The amount of tissue used by each testing method is an important consideration in evaluating tissue-based diagnostics. GEP used an average of three slides per case, whereas the EPs used an average of nine slides per EP per case. In this sample set, molecular testing required less tissue and reduced the risk of tissue depletion. For some cases (1, 4, 6, 7, 8 and 9) EPs ordered a large number of stains (average 11 slides per EP per case); whereas in cases 2, 3, 5 and 10 they ordered fewer IHC stains (average 6 slides per EP per case). The GEP test used 3 slides on average for both sets.

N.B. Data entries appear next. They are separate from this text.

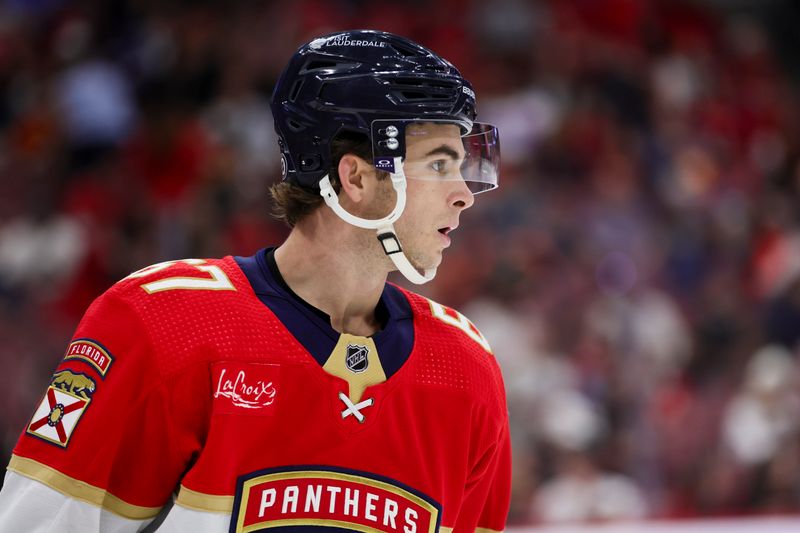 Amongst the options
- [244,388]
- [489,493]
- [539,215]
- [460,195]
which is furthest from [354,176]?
[539,215]

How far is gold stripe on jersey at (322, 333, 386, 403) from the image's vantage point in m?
1.83

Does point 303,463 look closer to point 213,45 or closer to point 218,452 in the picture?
point 218,452

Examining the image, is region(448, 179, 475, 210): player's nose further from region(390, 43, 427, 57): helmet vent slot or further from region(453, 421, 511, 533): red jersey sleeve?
region(453, 421, 511, 533): red jersey sleeve

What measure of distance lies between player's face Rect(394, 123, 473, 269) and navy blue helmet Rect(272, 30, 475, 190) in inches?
1.5

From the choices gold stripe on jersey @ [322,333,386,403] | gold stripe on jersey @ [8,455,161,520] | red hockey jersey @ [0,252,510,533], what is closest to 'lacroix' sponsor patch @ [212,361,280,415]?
red hockey jersey @ [0,252,510,533]

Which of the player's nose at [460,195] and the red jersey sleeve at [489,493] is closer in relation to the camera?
the player's nose at [460,195]

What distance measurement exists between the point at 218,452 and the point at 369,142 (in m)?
0.56

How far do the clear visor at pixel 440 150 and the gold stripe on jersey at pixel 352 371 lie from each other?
288 millimetres

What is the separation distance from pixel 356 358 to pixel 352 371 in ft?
0.08

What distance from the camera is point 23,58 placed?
616 cm

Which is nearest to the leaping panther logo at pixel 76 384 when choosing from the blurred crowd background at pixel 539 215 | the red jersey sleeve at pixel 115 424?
the red jersey sleeve at pixel 115 424

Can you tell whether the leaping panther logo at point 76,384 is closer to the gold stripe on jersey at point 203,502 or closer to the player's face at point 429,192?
the gold stripe on jersey at point 203,502

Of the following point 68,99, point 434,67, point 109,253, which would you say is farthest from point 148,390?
point 68,99

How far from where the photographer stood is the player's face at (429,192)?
187 cm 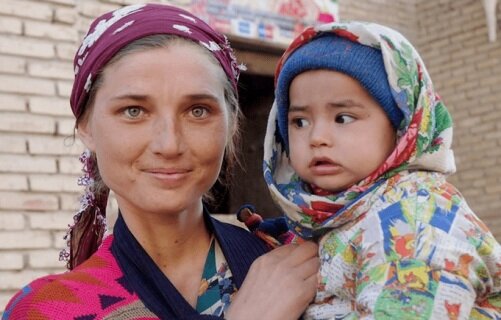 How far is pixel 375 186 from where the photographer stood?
177cm

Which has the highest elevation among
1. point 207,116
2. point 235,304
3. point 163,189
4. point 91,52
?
point 91,52

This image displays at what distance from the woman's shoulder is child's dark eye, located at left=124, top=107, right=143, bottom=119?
398 millimetres

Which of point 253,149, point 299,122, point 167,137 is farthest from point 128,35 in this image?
point 253,149

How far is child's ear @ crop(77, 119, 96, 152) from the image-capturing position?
1997 millimetres

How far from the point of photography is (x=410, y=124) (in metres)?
1.81

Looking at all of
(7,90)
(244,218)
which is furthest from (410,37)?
(244,218)

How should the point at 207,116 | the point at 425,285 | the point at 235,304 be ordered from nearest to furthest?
the point at 425,285
the point at 235,304
the point at 207,116

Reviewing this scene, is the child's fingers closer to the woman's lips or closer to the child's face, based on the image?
the child's face

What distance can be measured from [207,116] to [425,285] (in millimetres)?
705

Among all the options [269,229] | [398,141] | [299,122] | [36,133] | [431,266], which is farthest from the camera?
[36,133]

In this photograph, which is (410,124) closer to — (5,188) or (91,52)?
(91,52)

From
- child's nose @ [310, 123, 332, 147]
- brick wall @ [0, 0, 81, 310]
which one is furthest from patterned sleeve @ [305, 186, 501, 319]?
brick wall @ [0, 0, 81, 310]

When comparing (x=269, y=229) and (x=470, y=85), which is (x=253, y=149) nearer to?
(x=470, y=85)

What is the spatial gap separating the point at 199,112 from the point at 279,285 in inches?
19.2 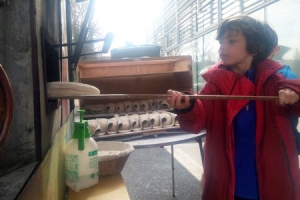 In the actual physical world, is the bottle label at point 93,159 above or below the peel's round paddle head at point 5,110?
below

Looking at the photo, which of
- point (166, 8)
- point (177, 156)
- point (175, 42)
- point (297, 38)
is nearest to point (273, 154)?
point (297, 38)

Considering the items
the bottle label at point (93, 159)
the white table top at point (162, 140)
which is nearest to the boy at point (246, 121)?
the bottle label at point (93, 159)

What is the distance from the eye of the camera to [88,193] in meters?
1.13

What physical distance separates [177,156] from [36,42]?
11.8 ft

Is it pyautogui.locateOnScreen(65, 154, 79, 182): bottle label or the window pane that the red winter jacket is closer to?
pyautogui.locateOnScreen(65, 154, 79, 182): bottle label

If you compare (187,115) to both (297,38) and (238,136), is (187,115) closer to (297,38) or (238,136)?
(238,136)

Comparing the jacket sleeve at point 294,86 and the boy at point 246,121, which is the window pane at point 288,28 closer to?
the boy at point 246,121

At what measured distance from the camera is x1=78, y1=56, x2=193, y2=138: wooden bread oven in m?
2.82

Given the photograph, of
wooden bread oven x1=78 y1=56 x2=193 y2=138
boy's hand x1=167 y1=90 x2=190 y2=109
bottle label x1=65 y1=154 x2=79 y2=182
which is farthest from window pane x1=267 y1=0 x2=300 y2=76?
bottle label x1=65 y1=154 x2=79 y2=182

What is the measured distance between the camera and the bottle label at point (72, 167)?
108 cm

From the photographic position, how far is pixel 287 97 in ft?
3.41

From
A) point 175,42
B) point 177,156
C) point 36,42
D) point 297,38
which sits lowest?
point 177,156

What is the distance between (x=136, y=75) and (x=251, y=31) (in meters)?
1.94

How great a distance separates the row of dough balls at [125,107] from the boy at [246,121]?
63.5 inches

In this pilot study GEP performed favorably (90% accuracy) compared to histopathologic evaluation (average 64% accuracy) by 5 EPs. It is interesting to note that the average accuracy seen in this study is very similar to the average 67% accuracy reported in the previous meta-analysis . In this study, there was no restriction on the number of IHCs, whereas the studies in the meta-analysis restricted the number of stains to between 4 and 10. While the sample numbers are small and do not support statistical analyses, this pilot study has established feasibility for a study with larger sample size that will be adequately powered to derive statistically significant conclusions regarding the comparative effectiveness of the two approaches.
This pilot study of 10 samples found important differences in accuracy between two methods. In the 10 metastatic samples reported here, GEP identified the correct primary site more often than the IHC-guided methods used by the pathologists participating in the study. This study design will be applied to a larger set of samples to provide a statistically powered assessment of the comparative effectiveness of the GEP and IHC-guided methods.

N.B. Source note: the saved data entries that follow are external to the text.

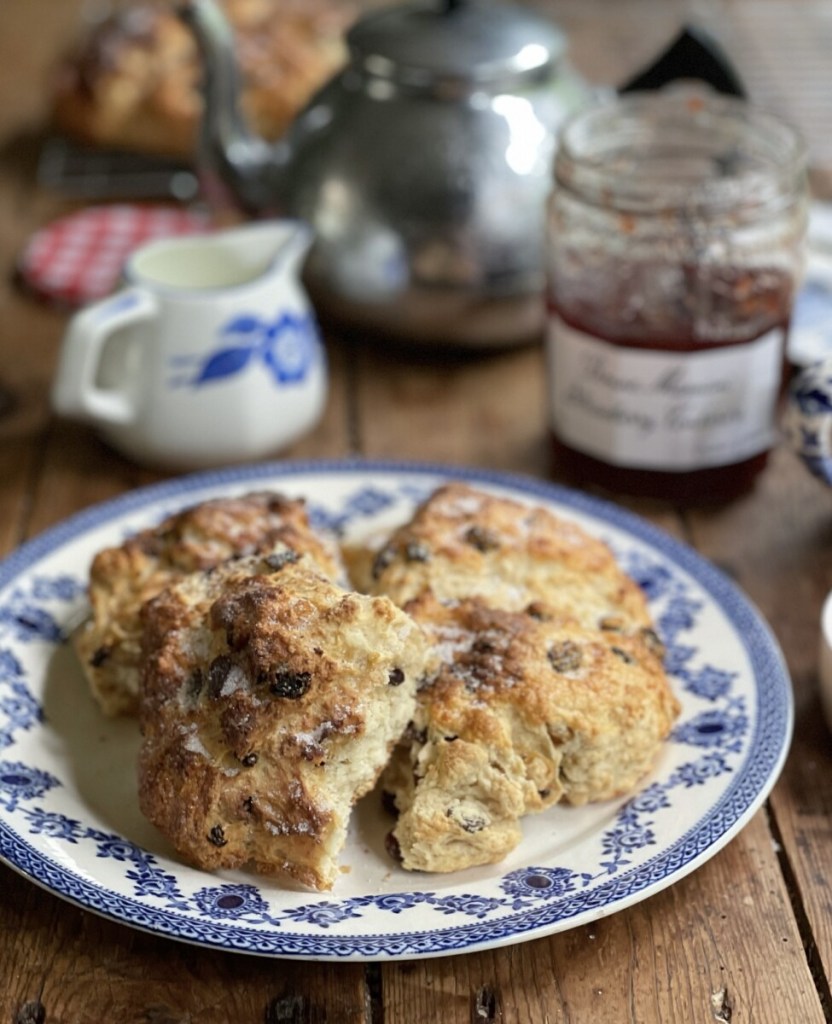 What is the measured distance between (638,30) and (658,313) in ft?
5.60

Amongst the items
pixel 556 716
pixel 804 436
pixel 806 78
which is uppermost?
pixel 556 716

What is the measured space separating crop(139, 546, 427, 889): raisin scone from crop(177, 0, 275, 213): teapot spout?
3.52 feet

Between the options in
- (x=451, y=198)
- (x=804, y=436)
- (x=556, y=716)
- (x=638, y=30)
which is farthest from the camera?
(x=638, y=30)

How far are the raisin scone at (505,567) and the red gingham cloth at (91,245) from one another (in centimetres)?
98

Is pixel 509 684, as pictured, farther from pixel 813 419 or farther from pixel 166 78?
pixel 166 78

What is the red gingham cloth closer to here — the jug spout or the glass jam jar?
the jug spout

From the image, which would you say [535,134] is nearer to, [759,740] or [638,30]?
[759,740]

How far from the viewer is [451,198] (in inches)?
72.5

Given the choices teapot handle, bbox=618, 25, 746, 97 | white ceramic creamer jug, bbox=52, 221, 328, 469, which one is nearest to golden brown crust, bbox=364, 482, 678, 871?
white ceramic creamer jug, bbox=52, 221, 328, 469

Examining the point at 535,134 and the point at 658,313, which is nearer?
the point at 658,313

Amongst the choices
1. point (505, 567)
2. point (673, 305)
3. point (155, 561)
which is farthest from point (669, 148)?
point (155, 561)

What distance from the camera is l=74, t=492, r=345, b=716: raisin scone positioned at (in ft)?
4.13

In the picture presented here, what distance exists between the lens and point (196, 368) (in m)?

(EP): evaluating pathologist; (FFPE): formalin-fixed paraffin-embedded; (GEP): gene expression profiling; H&E: hematoxylin-and-eosin; (IHC): immunohistochemistry; (SS): Similarity Score; (TOO): tissue of origin.

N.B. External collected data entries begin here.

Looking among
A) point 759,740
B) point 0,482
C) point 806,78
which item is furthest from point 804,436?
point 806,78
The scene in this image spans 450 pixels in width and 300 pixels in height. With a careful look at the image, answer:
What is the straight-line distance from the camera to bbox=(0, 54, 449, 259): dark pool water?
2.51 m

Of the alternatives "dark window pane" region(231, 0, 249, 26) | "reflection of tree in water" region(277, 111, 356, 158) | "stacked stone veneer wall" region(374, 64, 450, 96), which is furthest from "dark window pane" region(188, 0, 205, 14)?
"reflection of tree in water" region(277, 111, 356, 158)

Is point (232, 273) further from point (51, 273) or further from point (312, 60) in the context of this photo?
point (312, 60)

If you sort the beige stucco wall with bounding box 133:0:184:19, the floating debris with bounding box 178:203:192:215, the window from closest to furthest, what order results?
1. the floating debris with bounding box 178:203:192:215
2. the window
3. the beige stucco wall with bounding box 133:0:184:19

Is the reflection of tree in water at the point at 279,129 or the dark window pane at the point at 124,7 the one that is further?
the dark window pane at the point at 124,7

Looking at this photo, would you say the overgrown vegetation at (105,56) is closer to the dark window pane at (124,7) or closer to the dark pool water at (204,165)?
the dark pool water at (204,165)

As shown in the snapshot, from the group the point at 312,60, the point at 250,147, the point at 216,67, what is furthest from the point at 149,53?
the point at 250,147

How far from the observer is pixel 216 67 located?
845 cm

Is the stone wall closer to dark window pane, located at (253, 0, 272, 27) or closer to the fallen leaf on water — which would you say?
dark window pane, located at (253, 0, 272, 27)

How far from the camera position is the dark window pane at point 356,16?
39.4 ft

CRH, AK and AME were recipients of research grants from Pathwork Diagnostics for the performance of this study. WDH and RP are employees and stock holders of Pathwork Diagnostics.
CRH was the Principal Investigator. CRH and AK participated in the conception, study design, sample identification, results interpretation, and correlation with clinical information and manuscript writing. AME participated in the sample identification, data management, results interpretation, and manuscript writing. RP and WDH participated in the conception, study design, conduct of the study, data management, results interpretation, and manuscript preparation. All authors read and approved the final manuscript.
We thank the following pathologists: Allen Gown, MD, Lawrence Weiss MD, James P. Grenert MD, PhD, Oliver Kim, MD, William M Rogers, MD and Federico Monzon, MD for their contributions to the study design and output; personnel from the University of Tennessee Pathology Group for their assistance in tissue processing and staining; staff at Pathwork Diagnostics Laboratory for processing specimens through the Tissue of Origin test.